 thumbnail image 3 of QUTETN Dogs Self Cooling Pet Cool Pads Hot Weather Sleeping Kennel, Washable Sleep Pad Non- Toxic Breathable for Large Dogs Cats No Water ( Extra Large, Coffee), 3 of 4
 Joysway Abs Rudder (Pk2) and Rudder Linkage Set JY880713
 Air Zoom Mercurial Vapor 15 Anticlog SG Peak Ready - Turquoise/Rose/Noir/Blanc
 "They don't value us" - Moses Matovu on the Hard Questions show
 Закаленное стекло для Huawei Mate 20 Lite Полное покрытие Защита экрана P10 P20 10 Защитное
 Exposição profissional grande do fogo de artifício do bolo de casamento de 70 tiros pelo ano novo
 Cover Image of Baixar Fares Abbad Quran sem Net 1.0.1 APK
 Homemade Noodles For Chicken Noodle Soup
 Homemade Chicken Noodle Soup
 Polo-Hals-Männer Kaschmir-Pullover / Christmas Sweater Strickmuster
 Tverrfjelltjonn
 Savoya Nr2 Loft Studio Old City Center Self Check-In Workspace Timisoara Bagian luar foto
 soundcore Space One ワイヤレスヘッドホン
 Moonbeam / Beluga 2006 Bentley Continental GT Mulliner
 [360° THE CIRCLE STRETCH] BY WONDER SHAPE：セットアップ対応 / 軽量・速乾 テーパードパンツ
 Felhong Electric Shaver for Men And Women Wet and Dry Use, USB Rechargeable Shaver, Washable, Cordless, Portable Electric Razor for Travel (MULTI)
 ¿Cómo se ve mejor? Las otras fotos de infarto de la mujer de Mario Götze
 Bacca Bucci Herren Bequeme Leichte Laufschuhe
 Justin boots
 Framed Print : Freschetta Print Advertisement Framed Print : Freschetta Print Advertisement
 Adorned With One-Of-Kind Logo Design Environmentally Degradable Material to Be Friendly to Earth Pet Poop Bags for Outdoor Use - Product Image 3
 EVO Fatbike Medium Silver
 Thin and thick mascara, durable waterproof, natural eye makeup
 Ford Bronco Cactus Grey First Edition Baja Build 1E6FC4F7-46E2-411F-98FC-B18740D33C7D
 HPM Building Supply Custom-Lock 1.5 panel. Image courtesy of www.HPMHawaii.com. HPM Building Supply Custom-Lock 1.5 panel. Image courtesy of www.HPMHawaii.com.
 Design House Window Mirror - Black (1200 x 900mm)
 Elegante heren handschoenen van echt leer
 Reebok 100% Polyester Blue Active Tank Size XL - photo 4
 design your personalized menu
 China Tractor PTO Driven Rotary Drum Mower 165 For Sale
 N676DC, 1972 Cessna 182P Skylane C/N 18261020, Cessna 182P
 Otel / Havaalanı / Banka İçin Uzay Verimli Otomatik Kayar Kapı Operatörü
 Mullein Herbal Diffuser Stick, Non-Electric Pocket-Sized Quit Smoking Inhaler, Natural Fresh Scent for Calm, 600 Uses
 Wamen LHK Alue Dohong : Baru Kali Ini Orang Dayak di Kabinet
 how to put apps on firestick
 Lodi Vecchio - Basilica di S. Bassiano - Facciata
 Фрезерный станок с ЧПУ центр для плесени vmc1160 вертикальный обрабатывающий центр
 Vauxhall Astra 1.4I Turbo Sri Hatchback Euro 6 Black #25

● What to work on: Which lines run from the one containing "Wamen LHK Alue" through the end of the material? Output them exactly.

● Solution for this problem:
 Wamen LHK Alue Dohong : Baru Kali Ini Orang Dayak di Kabinet
 how to put apps on firestick
 Lodi Vecchio - Basilica di S. Bassiano - Facciata
 Фрезерный станок с ЧПУ центр для плесени vmc1160 вертикальный обрабатывающий центр
 Vauxhall Astra 1.4I Turbo Sri Hatchback Euro 6 Black #25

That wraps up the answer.